Thank you so much for these videos. I finally have some idea of what's going on with Gauss's Law and how to derive the formulas using different surfaces!
I'm currently in an honors physics course with an awful professor, and I'd just like to let you know that your videos are very helpful. Thank you for making them.
Thank you so much! I think my grade went from a "d" to a "b". I have a test tomorrow and I was so nervous. I will tell you how I do tomorrow. Thanks for these videos! These are a life saver.
No, it wouldn't be zero. That hollow insulating sphere would no longer have to have a charge of -Q on the inside wall so if you drew a Gaussian Sphere with a radius of r where b
Im slightly confused with one matter how come's the first concentric sphere you did you said that E=0. However in this last concentric sphere you covered at the end of this video which seems to be the same amount of Q as the first concentric sphere but you said that E on the outside of teh sphere is equal to E= 2Q/4pieE0r^2. maybe i misunderstood something. Someone please help me =). thank you
So in your first example, the system is grounded and thus the outer surface has a charge of zero. If it were not grounded, then the outer surface in that example would have a charge of +Q?
yes the outer surface will have a charge +Q as if it was earthed the electrons would come on the surface and the neutralize the charge so yea if its not earthed it will have a charge +Q on the outer surface
sir in 6:42 how the charge b/w the area 2R and 3R is Q i.e. qnet=Q.. I THINK THAT as it is inside the metal so there is no electric field so i think that there is no electric charge.
In the first example, the outer sphere is grounded, so the charge the outside is 0. The total charge on the sphere is Q from the inner sphere + negative Q from the inside of the outer sphere. In example two, the outer sphere has net charge Q, so the net charge on the sphere is inner sphere (Q) + outer sphere (Q) =2Q
-in the first exemple, the outer shell is not charged while in the second exemple the outer shell is charged with 1Q -in the first exemple we get the inner wall of the outer shell charged negative because we ground the outer shell hope this helps:)
What if we have another concentric insulator with no charge instead of the air do we have to count this q charge inside when we calculating between 2R -3R
Charge is distributed on the surface. If it it was distributed in a full tennis ball, you'd have Q/Volume. Since this is equivalent to a baloon, it's Q/Surface.
I had the exact same example on a test, except that the charge on the nonconducting sphere = -Q. I got a question wrong that was asking about the electric field for r>c and the correct answer was -kQ/r^2 (r,hat) Anyone know why?
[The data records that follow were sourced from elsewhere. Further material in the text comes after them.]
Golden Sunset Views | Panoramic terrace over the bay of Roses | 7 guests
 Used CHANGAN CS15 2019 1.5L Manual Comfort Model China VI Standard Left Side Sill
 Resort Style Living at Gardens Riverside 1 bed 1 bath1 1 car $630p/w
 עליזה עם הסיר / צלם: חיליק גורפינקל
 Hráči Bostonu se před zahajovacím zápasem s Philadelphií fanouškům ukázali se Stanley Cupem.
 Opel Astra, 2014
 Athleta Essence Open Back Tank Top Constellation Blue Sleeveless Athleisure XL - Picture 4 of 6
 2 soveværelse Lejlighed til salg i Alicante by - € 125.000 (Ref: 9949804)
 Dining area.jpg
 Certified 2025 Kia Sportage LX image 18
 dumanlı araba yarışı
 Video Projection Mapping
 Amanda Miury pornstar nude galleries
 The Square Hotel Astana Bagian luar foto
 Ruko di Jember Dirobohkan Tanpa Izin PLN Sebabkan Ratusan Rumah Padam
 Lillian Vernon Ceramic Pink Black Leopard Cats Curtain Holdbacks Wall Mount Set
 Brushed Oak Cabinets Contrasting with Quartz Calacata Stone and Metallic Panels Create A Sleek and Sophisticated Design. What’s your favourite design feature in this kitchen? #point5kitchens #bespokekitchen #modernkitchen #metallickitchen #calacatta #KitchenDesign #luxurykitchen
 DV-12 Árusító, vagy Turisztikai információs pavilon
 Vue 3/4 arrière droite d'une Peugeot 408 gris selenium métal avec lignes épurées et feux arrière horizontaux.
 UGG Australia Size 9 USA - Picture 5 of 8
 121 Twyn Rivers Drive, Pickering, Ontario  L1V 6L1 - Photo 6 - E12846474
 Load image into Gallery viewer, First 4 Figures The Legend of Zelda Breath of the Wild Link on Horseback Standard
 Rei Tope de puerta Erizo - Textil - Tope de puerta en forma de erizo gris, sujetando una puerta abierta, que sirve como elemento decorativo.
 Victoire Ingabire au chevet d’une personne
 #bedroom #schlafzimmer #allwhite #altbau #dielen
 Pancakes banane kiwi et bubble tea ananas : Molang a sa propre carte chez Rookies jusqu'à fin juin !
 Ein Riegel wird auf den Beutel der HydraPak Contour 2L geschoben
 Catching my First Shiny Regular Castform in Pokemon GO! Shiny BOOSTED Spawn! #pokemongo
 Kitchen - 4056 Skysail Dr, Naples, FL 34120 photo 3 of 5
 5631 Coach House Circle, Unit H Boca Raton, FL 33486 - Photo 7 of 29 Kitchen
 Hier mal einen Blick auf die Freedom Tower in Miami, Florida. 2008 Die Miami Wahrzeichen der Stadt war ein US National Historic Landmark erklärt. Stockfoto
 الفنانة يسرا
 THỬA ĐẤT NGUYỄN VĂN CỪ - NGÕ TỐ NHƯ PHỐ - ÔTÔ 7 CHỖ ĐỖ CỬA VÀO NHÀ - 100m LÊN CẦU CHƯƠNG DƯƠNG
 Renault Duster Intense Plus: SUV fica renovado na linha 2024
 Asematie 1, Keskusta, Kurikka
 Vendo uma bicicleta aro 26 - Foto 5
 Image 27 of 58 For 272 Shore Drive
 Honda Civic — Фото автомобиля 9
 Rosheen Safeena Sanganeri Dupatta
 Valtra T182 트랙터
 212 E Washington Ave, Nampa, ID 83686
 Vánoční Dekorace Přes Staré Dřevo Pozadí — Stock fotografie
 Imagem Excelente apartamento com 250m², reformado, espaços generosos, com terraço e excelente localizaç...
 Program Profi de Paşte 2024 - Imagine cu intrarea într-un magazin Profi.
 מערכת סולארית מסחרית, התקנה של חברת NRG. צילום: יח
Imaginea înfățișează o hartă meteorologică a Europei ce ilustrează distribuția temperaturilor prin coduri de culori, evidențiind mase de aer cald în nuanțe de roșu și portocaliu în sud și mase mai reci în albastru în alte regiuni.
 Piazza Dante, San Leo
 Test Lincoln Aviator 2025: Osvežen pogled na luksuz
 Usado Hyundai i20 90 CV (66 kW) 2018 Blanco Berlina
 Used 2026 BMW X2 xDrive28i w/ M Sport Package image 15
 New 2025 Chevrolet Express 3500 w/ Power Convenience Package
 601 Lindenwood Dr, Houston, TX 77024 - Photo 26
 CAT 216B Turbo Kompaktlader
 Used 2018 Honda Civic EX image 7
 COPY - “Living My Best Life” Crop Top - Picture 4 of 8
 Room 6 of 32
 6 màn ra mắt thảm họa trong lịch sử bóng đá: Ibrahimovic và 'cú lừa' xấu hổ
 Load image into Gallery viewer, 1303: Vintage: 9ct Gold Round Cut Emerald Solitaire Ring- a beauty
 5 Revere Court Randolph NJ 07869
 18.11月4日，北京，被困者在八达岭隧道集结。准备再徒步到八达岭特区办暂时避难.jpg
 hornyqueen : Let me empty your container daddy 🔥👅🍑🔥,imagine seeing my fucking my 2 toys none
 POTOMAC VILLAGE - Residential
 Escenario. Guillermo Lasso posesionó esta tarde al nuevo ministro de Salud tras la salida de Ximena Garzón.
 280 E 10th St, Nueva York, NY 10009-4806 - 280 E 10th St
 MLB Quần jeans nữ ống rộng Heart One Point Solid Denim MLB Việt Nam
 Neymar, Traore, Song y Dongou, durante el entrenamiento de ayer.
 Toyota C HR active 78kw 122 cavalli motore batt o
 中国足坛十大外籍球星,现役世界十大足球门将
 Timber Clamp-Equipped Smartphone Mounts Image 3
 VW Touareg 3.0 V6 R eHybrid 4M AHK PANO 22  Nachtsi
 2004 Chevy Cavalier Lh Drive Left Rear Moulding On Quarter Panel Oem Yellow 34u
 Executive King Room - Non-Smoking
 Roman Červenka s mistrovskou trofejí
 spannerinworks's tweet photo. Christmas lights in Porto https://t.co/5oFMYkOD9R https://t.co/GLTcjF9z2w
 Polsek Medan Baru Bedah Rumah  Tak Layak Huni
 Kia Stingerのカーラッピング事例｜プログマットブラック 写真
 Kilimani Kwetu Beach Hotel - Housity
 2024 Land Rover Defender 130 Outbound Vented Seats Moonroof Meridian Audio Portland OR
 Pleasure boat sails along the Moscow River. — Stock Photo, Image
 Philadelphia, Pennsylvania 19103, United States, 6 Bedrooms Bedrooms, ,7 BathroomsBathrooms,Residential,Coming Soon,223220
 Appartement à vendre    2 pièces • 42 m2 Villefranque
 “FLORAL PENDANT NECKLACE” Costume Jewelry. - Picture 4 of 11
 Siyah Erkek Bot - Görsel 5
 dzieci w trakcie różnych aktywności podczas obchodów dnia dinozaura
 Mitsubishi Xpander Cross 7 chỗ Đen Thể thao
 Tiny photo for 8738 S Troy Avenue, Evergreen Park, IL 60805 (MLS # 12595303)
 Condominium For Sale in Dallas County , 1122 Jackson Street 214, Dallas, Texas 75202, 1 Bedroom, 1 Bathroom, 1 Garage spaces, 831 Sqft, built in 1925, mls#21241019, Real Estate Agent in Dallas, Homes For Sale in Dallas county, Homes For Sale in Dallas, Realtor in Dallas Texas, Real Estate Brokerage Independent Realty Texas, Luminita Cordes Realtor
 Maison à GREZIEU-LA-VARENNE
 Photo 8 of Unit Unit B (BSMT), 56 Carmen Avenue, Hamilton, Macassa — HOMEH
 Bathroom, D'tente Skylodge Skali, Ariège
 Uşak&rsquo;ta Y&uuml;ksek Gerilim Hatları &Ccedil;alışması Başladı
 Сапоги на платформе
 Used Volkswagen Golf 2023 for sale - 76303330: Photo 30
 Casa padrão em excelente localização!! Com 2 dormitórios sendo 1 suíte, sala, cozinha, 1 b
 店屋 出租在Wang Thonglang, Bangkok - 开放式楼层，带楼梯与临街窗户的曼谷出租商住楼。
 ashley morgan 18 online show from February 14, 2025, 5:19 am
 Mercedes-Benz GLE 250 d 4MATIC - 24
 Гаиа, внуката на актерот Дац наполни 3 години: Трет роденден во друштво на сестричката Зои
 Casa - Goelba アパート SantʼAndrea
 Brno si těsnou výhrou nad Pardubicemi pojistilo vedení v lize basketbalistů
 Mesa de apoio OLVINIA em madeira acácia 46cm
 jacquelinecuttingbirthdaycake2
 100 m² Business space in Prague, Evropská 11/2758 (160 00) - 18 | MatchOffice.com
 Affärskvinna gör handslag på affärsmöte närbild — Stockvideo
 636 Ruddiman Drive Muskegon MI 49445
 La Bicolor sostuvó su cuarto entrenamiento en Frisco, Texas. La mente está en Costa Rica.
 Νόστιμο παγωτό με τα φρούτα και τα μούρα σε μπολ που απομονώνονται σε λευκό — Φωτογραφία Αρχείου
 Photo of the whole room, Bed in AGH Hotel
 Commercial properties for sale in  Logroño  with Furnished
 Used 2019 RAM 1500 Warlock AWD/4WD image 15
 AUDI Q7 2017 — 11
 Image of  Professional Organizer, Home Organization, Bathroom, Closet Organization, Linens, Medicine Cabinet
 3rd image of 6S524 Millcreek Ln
Because the charge on the nonconducting (outer sphere) is what is leaving the system as a whole; it radiates outward to everything around the sphere since that is the final charge leaving. If you are given the charge for the non-conducting sphere then there is no work that needs to be done just plug -Q into the equation to find E-fields (E=KQ/r^2) which gives you -KQ/r^2. In this example you are given the net charge and the charge on the inner sphere therefore you have to find the charge on the outer sphere but if you are simple given it the plug and chug. This makes since to me but my Teacher is very very good at visually explaining stuff so it might not for you. In that case I apologize.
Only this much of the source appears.